Jérusalem doit rester le lieu où juifs, chrétiens et musulmans continuent à se rencontrer, dans les rues de la Ville sainte, avec leurs propres buts et traditions, si singulièrement liés. Il ne suffit pas de préserver le caractère historique de la ville seulement à travers ses pierres. Il est également nécessaire de préserver et de promouvoir le tissu unique de relations entre les croyances, les peuples et les cultures, sans exclusivité.
La nature de Jérusalem est d’inclure, pas d’exclure. C’est son statut en droit international, à la lumière de la résolution ES-10/19 de l’Assemblée générale des Nations unies du 21 décembre 2017. C’est aussi sa vocation prophétique et sa force d’attraction universelle.

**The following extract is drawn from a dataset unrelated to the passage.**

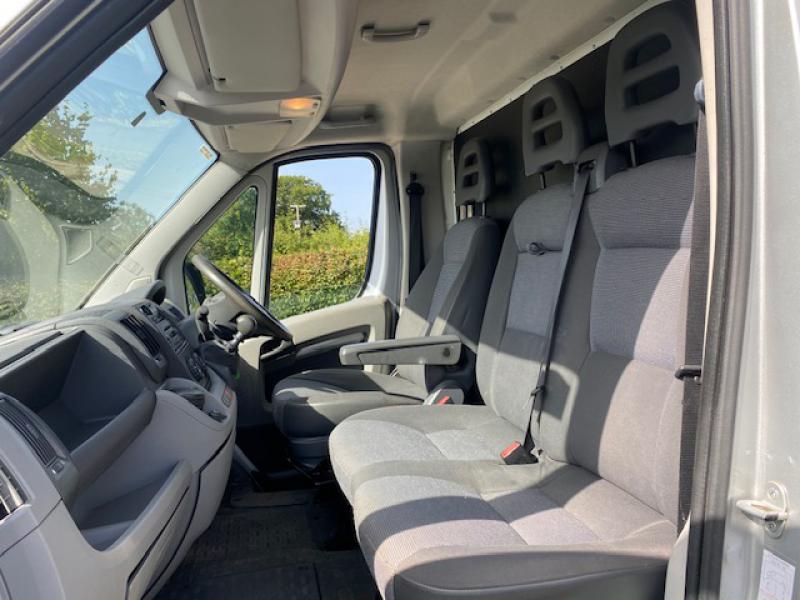 23-645-2008 Peugeot Boxer 3.5 Ton Equi-trek sonic. Stalled for 2 rear facing. 35,635 miles from new. Smart changing area at rear with Hob and sink. Excellent condition throughout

Tout cela va aussi dans le sens de mon opinion personnelle sur cette question importante, non seulement pour Israël et la Palestine, mais aussi pour le monde entier.
Que pensez-vous d’une solution à deux États?
Je ne vois pas bien comment cela pourrait être faisable actuellement, principalement à cause de la situation du territoire israélo-palestinien. La construction illégale de colonies dans les territoires occupés par Israël a commencé dès 1967. Ce territoire a été illégalement morcelé et continue de l’être. Il est ainsi troué «comme un emmental». Peut-on maintenant faire de ces territoires deux États, surtout si l’on ne peut ou ne veut pas revenir à la situation de 1967?
«Il faut maintenant des actes!»
Je suis également choqué de voir comment Israël s’approprie des terrains et des maisons, même dans la vieille ville de Jérusalem, où flottent désormais de plus en plus de drapeaux israéliens. La Commission Justice et Paix de Jérusalem écrit: «Il faut le répéter avec une clarté sans équivoque: la cause profonde et le contexte primaire de la violence est l’occupation de la Palestine, qui dure depuis 55 ans».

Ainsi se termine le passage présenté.